Try it =
Copy word for word the line containing "Portrait of man" together with all lines following it to the end of the listing below, without the pictures.

Collected data =
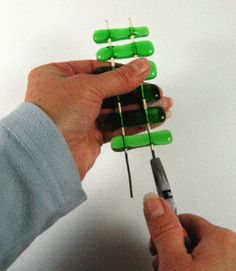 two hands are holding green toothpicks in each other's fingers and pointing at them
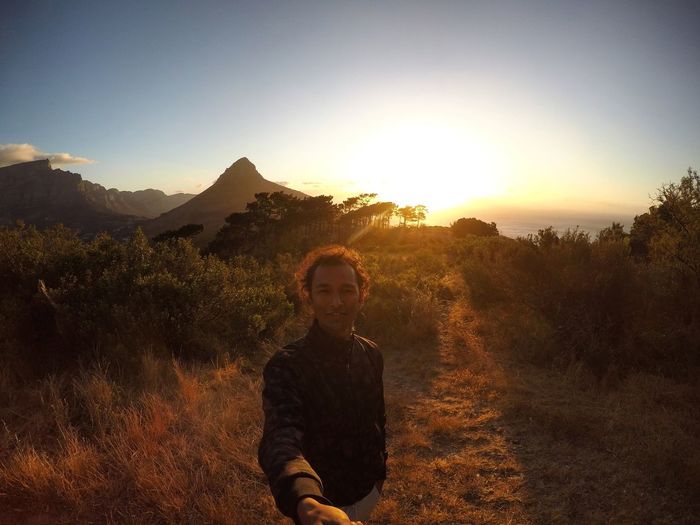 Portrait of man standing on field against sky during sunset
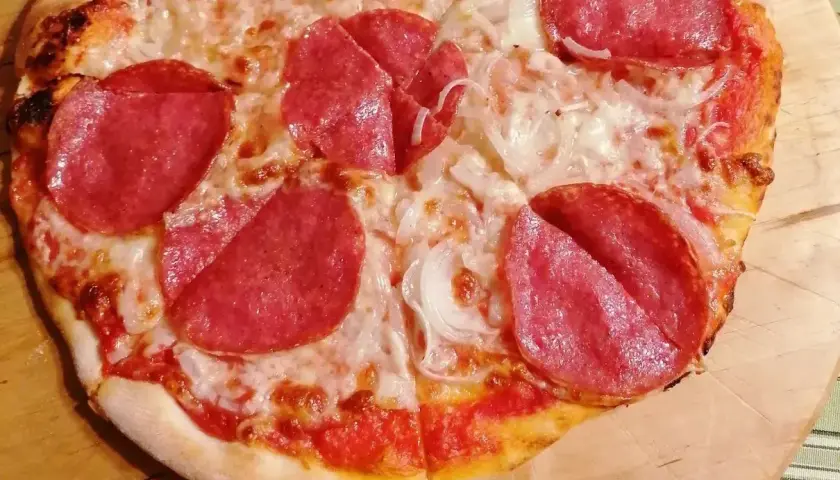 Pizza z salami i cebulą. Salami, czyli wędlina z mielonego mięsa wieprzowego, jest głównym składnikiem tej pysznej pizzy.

Exercise answer =
 Portrait of man standing on field against sky during sunset
 Pizza z salami i cebulą. Salami, czyli wędlina z mielonego mięsa wieprzowego, jest głównym składnikiem tej pysznej pizzy.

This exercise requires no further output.